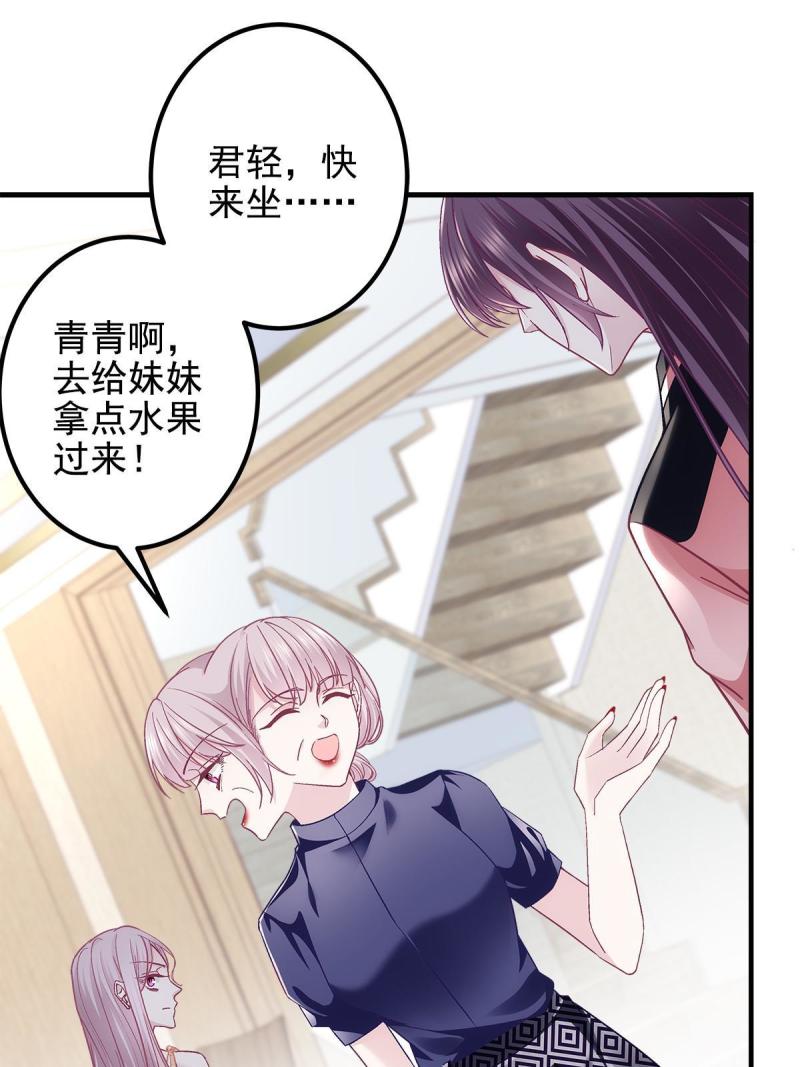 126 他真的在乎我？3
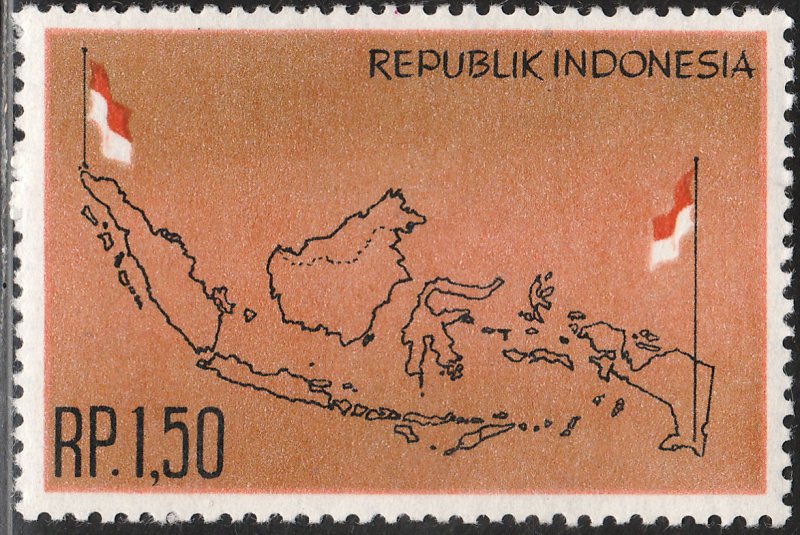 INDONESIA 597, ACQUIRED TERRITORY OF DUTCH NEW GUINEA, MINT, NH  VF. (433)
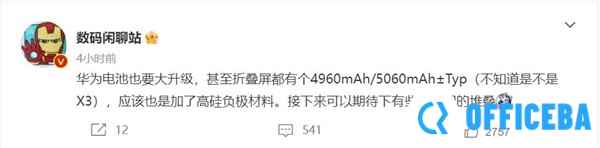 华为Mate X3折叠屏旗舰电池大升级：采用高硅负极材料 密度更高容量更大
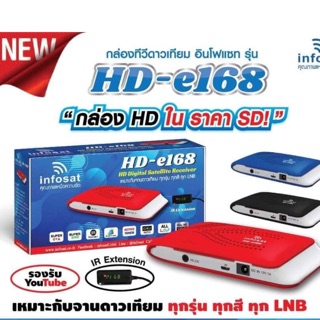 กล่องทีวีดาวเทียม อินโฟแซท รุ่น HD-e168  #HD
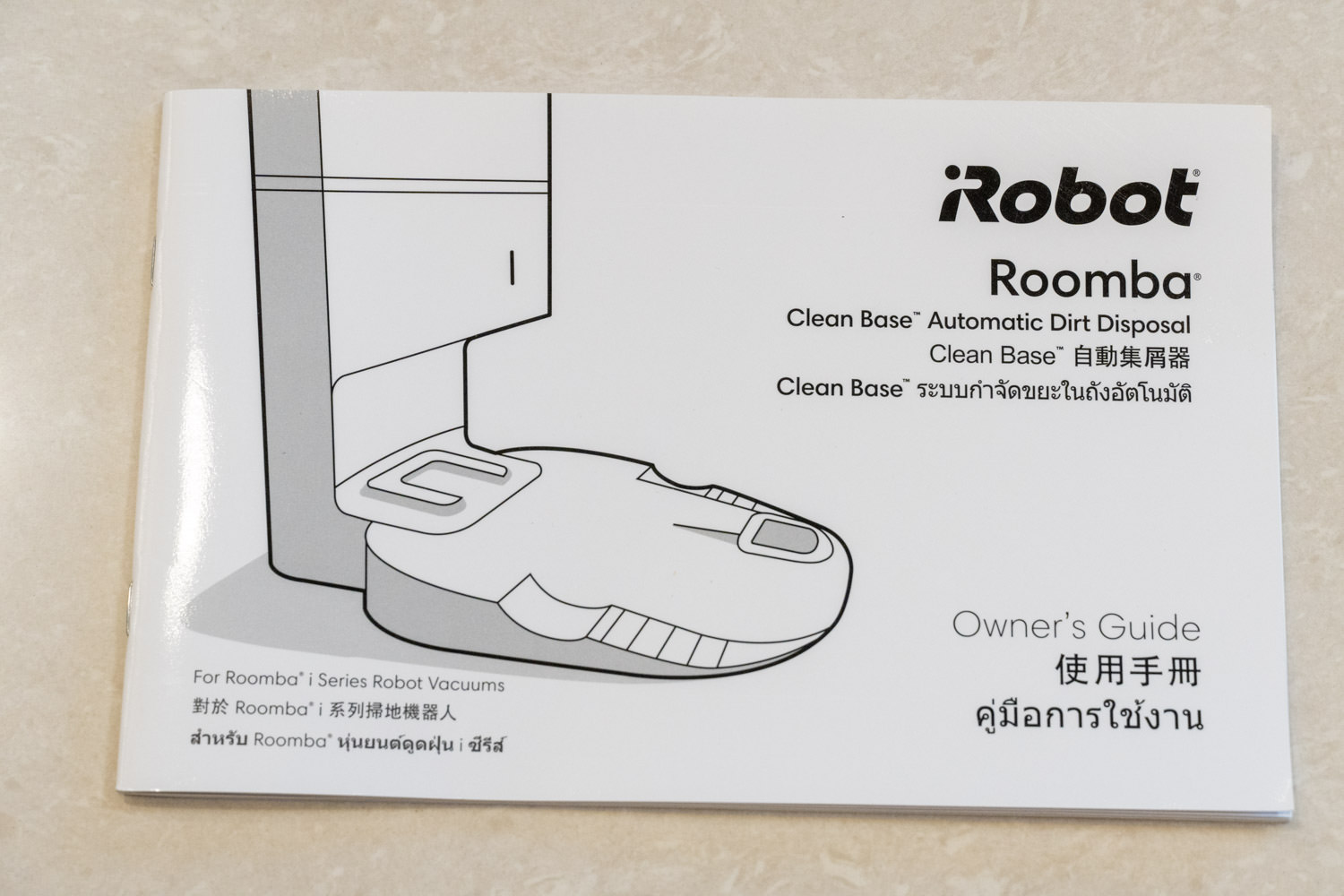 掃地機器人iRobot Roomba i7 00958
· · · · ·
:: What the task asks ::
The listing above must be restated word for word. Its pictures are to be left out.

:: Reply to the exercise ::
 126 他真的在乎我？3
 INDONESIA 597, ACQUIRED TERRITORY OF DUTCH NEW GUINEA, MINT, NH  VF. (433)
 华为Mate X3折叠屏旗舰电池大升级：采用高硅负极材料 密度更高容量更大
 กล่องทีวีดาวเทียม อินโฟแซท รุ่น HD-e168  #HD
 掃地機器人iRobot Roomba i7 00958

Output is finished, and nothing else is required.